In support of our request, we note that the Staff has previously granted no-action relief to others under similar circumstances.6 Further, although Mr. DeYoung cannot rely on the Dougherty Letters because the Order is not a Commission order, we note the Staff has granted no-action relief to others where the disqualifying events were subject to non-Commission orders.7 Finally, we note that Mr. DeYoung meets all other applicable conditions of the Dougherty Letters.8
For the foregoing reasons, we respectfully submit that permitting Mr. DeYoung to engage in solicitation activities would be consistent with the public interest, with the purpose of the Rule, and with the Commission’s policy of taking a flexible approach in applying the Rule’s disqualification provision.
In connection with this request, Mr. DeYoung undertakes:
- to conduct any solicitation arrangement entered into with any investment adviser required to be registered under Section 203 of the Advisers Act in compliance with all applicable provisions of the Rule; and
- to use his best efforts to ensure that any adviser with which he has a solicitation agreement describes the arrangement to the extent required in response to any applicable item of such adviser’s Form ADV.
For the reasons described above, we respectfully request that the Staff advise us that it will not recommend enforcement action to the Commission if an investment adviser required to be registered pursuant to Section 203 of the Advisers Act pays, and Mr. DeYoung receives, cash payments for solicitation of advisory clients notwithstanding the Order.
Please contact me (202-295-4005) or my colleague Usha Sadagopan (312-832-4573) if you have any question or would like additional information.
Very truly yours,
/s/ Richard Choi
Richard T. Choi
1 See SEC vs. James DeYoung, Litigation Release No. 10084, 28 S.E.C. Docket 606 (Aug. 4, 1983)
2 See SEC vs. James DeYoung, No. 83-2234 (D.D.C. Aug. 3, 1983) (order granting permanent injunction).

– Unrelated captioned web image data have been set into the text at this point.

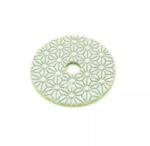 Flower Design Flexible Diamond Pads Suitable for Both Dry and Wet Applications - Image 2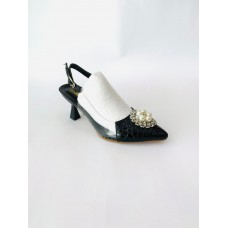 na shoes qs21413 black color heels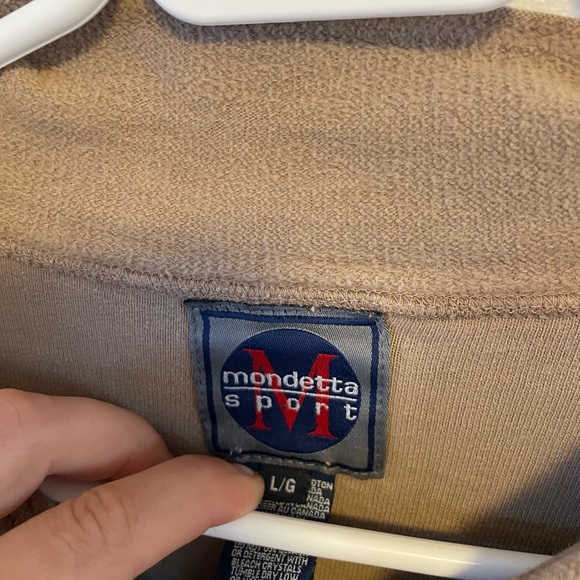 Mondetta 1/4 Zip - Picture 2 of 2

3 See Advisers Act Release No. 615 (Feb. 2, 1978) (“Proposing Release”); Advisers Act Release No. 688 (July 12, 1979) (“Adopting Release”).
4 Proposing Release at 5.
5 Adopting Release at n. 10.
6 See, e.g., The Dreyfus Corporation, SEC Staff No-Action Letter (Mar. 9, 2001) [hereinafter “Dreyfus”]; and Kidder Peabody and Company, Inc., SEC Staff No-Action Letter (Oct. 11, 1990) [hereinafter “Kidder”].
7 See, e.g., Stephens Inc., SEC Staff No-Action Letter (Dec. 21, 2001); Salomon Brothers Inc., SEC Staff No-Action Letter (Jan. 26, 1994); and Kidder, supra note 6.
8 Because more than 20 years have passed since the entry of the Order, no disclosure thereof would be required in disclosure statements required by the Rule. We note that in prior no-action letters, the Staff has only required disclosure of disqualifying events for a ten year period following the formal disposition of the disqualifying events. See e.g., Dreyfus, supra note 6; Mitchell Hutchins Asset Management Inc., SEC Staff No-Action Letter (Jan. 2, 1998); Merrill Lynch, Pierce, Fenner & Smith, Inc., SEC Staff No-Action Letter (Aug. 7, 1997); and Interstate/Johnson Lane Corporation, SEC Staff No-Action Letter (Apr. 21, 1997). The Staff also has not required disclosure of disqualifying events when more than ten years have passed since the formal disposition of such events. See, e.g., J.B. Hanauer & Co., SEC Staff No-Action Letter (Apr. 27, 1999).